Buddhika Siddhisena is the Co-Founder&CTO of THINKCube Systems which specializes in Collaboration Technologies for the Enterprise by integrating widely used and proven FOSS Technologies. Buddhika Siddhisena obtained his B.Sc (Physical Science) from University of Colombo and is also a Member of the British Computer Society (MBCS). Buddhika has also been involved through theinception of several leading FOSS projects, such as Sahana Disaster Management System and Tarprobane GNU/Linux Distribution. He is an active member of the Lanka Linux User Group, Sri Lankan FOSS Community and does a weekly podcast about FOSS in Sinhala over at sinhalenfoss.org.

The smart GIT

11/24/2009 10:33 pm By Buddhika Siddhisena | Articles: 8


Source : http://www.geekherocomic.com/2008/08/15/git-clone/

While a git may be something you call a stupid and annoying person, not so when it comes to Source Code Management (SCM) software. As you will soon find out, git is one of the smartest SCMs' around, and is capturing mind share of programmers all over the world. After all it was written by one of the smartest persons around, to support development for one of the largest Open Source projects involving thousands of programmers - all in the course of a weekend! git started life back in 2005 as a result of Linus Torvalds, the creator of the Linux kernel, was forced to switch away from a proprietary SCM called BitKeeper, decided to write his own because he was not satisfied with other free alternatives. I will leave it up to you, the reader, to read up on the interesting historical events that lead up to git getting built. But before we get into git, lets cover the basics of SCM.


SCM Software

If you've been developing software for a while, chances are you've heard about SCMs or Revision Control Systems (RCS). SCMs are an invaluable tool when it comes to developing software as they can keep track of changes made to it. These changes are called commits and they are tracked in a software code repository. As a result one is able to view the evolution of the software project and when there is a bug or code conflict, SCMs can help resolve it. SCMs also provide a platform for programmers to collaboratively develop software without stepping over each other's code. As the software reaches certain milestones, they can be tagged within the SCM and released. That way someone can easily get a copy (checkout) of the software's source code in the same state it was released, at a later date. SCMs also somewhat facilitate to deviate from the current code base (called the trunk) and experiment writing a new feature or two in a separate branch. Depending on whether the experiment was successful or not, one could then either merge it back to the trunk or discard it. These are just some of the functionality you'd expect from a SCM software.
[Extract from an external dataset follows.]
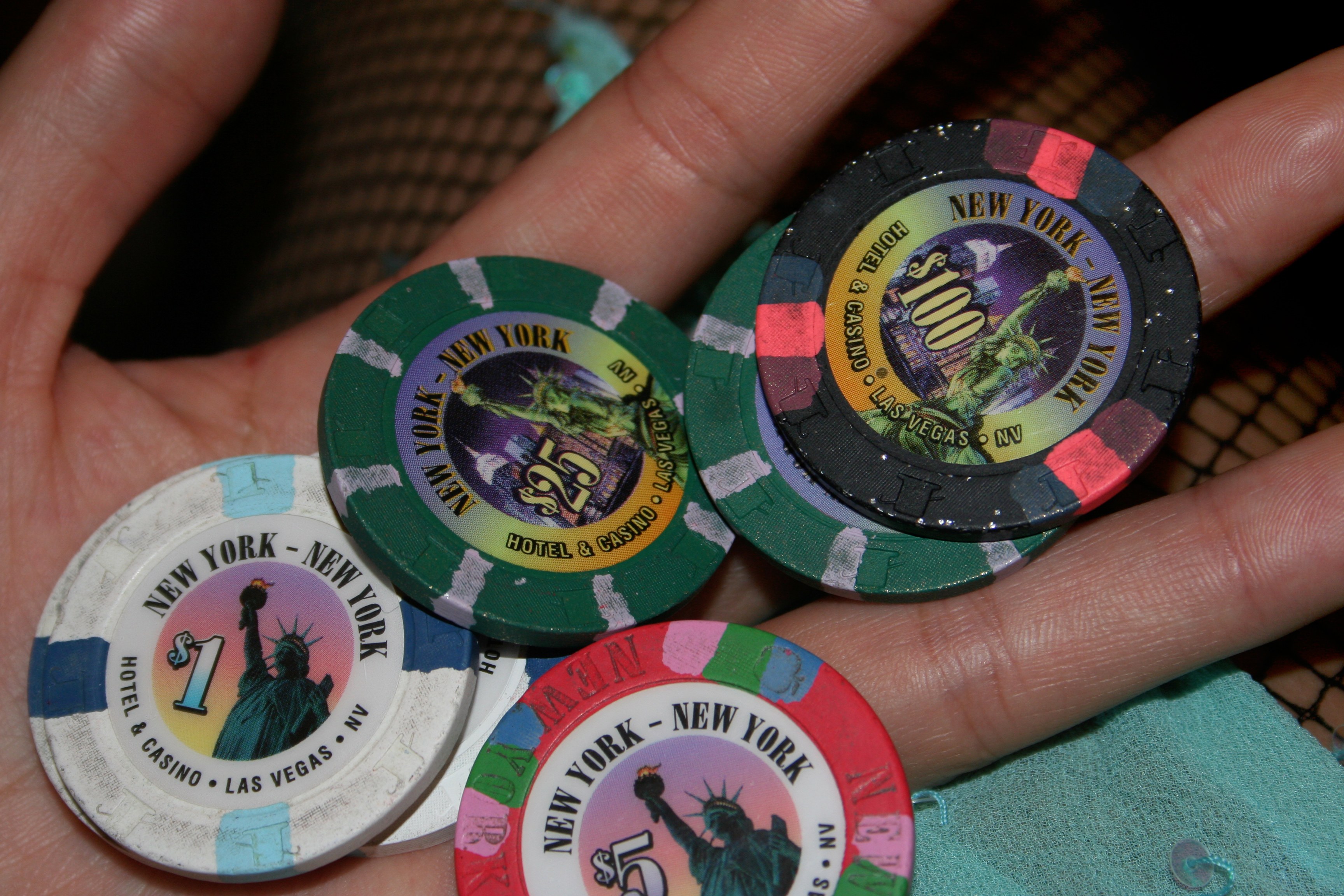 how to make fake casino chips?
But not all SCMs were created equal. In the world of SCMs there are primarily two types - centralized and decentralized. In a centralized SCM, the code evolves in a central server to which everyone commits and checkout code from. As a result, programmers should synchronize often with the central SCM server or risk making several conflicting changes with another. It is therefore advised that one should commit back to the SCM after implementing a feature or closing a ticket or as often as possible. Unfortunately, this means the programmer needs to be connected to the central repository more often than not and the central repository should be protected as it is a single point of failure. Giving commit access to this centralized server is a another whole issue as several bad or malicious commits are painful to undo and repair. As you've probably guessed by now, centralised SCMs aren't very smart and git doesn't sound like it would fall into this category (based on the git is smart mantra). Despite these shortcomings centralized SCMs are still the most widely used where CVS and SVN are quite popular.
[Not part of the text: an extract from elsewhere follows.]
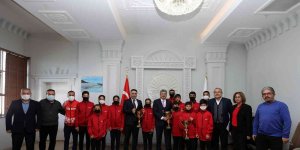 Şampiyon takımdan Vali Bilmez'e ziyaret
Git falls under the decentralized and distributed category of SCMs, where every programmer has a full copy (clone) of the repository that they can locally commit to or checkout from at will. In git, one does not have to continuously be thinking what the other programmer is up to. As long as programmers have a rough idea about who is working on what and no two programmers try to edit the same line of the same file, everything will be fine. Even in the unlikely event of a code conflict, it is a lot easier to resolve as there is no central pure code repository to fix. In essence git empowers the programmer by making him/her the master of their own cloned repository. As a result they can work offline without network connectivity to a central repository and experiment through branches without having to rely on the repo admin to create them. The whole social issue with granting commit access to the repository, where the developer must first prove him/her self is no longer a barrier.


Installing GIT

Before we get into git basics, now would be a good time to install git if you haven't already done so. There are several front-end clients for git but in this article we will be covering the most widely used command line utilities. These command line tools can be installed in pretty much any platform and generally provides identical functionality. Git runs on Linux (where it was developed), BSD, Sun Solaris, MacOSX, Windows and even on a jail broken iPhone!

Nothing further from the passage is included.